В годы реформы за Урал переселилось 3 млн 772 тыс. человек, из них осталось на новом месте большинство – 2 млн 745 тыс. (правда, далеко не все разбогатели, и из этих недовольных жизнью переселенцев позднее будет черпать кадры антиколчаковское партизанское движение). Сибирь, еще недавно лежавшая "географическим трупом", активно развивалась. К 1911 г. там были освоены 30 млн десятин целины. Сибирская железная дорога, ранее убыточная, стала давать к 1912 г. 400 тыс. руб. чистого дохода. К 1914 г. из Сибири вывозилось 50 млн пудов хлеба и 5 млн пудов масла, рост скота и посевов почти вдвое превышал рост населения. Именно тогда была намечена схема создания на сибирских землях нового индустриального района. Другой индустриальный район уже заработал в Донбассе и был воспет в известном стихотворении Блока "Новая Америка" (1913):
На пустынном просторе, на диком
Ты все та, что была, и не та,
Новым ты обернулась мне ликом,
И другая волнует мечта…Черный уголь – подземный мессия,
Черный уголь – здесь царь и жених,
Но не страшен, невеста, Россия,
Голос каменных песен твоих!Уголь стонет, и соль забелелась,
И железная воет руда…
То над степью пустой загорелась
Мне Америки новой звезда!
Столыпинские преобразования подготовили "исключительный хозяйственный подъем" (Гурко) России в предвоенные годы, когда она по величине национального дохода (7,4 % от мирового) вышла на четвертое место в мире после США, Германии и Великобритании, а по темпам экономического роста (7 % в год) – на первое. Важно отметить, что на сей раз подъем этот шел не за счет благосостояния народа, а, напротив, сопровождался ростом уровня жизни последнего. Если в 1900 г. доход одного человека в среднем составлял 98 руб., то в 1912-м – уже 130 руб., то есть повысился более чем на 30 %.

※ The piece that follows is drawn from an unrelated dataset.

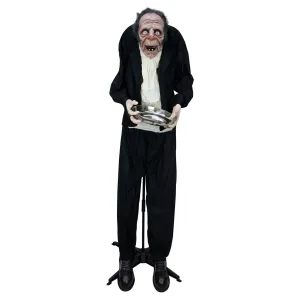 Halloween Animatronics Sound-Activated Old Man with Candy Dish Decoration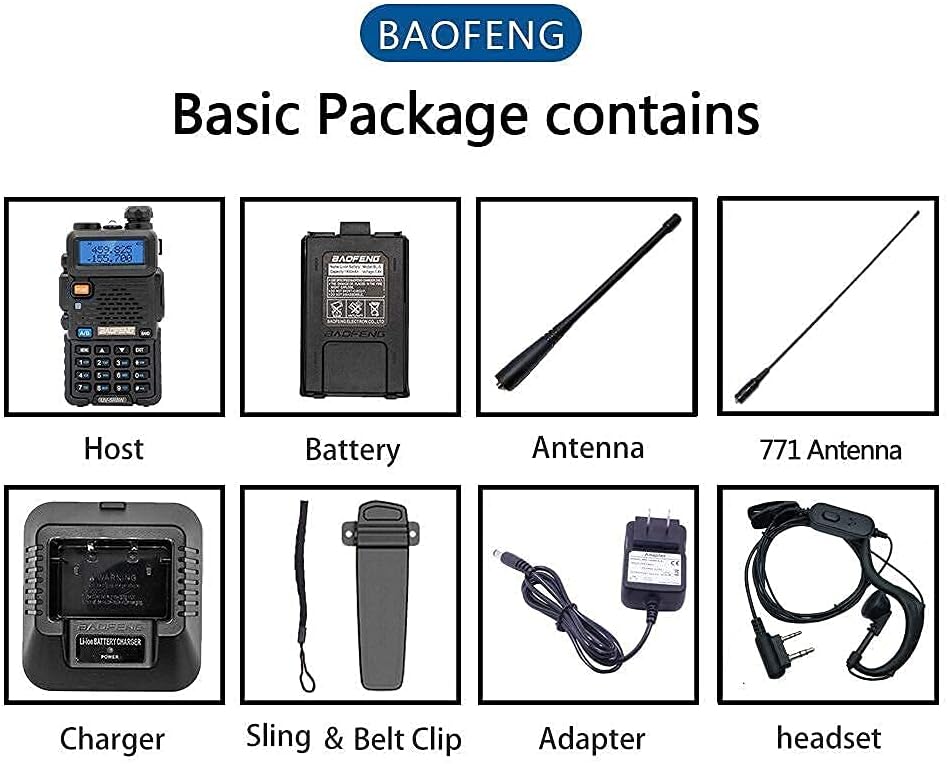 2 Pack Two Way Radio Portable Rechargeable Long Range Handheld Walkie Talkie with 771 Antenna H3631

В империи развивалась легальная политическая жизнь – к февралю 1917 г. насчитывалось 45 партий общероссийского уровня (а включая локальные – 205), представлявшие весь возможный политический спектр – консерваторов, либералов, социалистов. Росли как грибы после дождя разнообразные общественные организации. Только за 1906–1909 гг. было образовано, по данным русского правоведа Н. П. Ануфриева, 4801 общество. В одной Москве в 1912 г. насчитывалось более 600 различных обществ и клубов, а в Петрограде к октябрю 1917 г. – около 500. К 1914 г. существовало свыше 100 обществ учителей, около 40 – фельдшеров, более 150 – служащих частных предприятий. В период с 1905 по 1917 г. возникло около 120 новых научных обществ, их общее число превысило 300. Всего же в этот период, по оценкам американского исследователя Джозефа Брэдли, в Российской империи числилось около 10 тыс. добровольных обществ. Особо нужно сказать о колоссальном подъеме кооперативного движения, тот же Брэдли полагает, что по количеству кооперативов Россия в предреволюционные годы занимала первое место в мире (в 1905 г. их было 4 тыс., в конце 1914 г. – 30 тыс., на 1 января 1917 г. – 63 тыс.). "…Даже человеку с закрытыми на общественную жизнь глазами нельзя было не видеть быстрого, в некоторых отношениях даже бурного роста общественных сил России накануне злосчастной войны 1914 года", – вспоминал позднее Ф. А. Степун.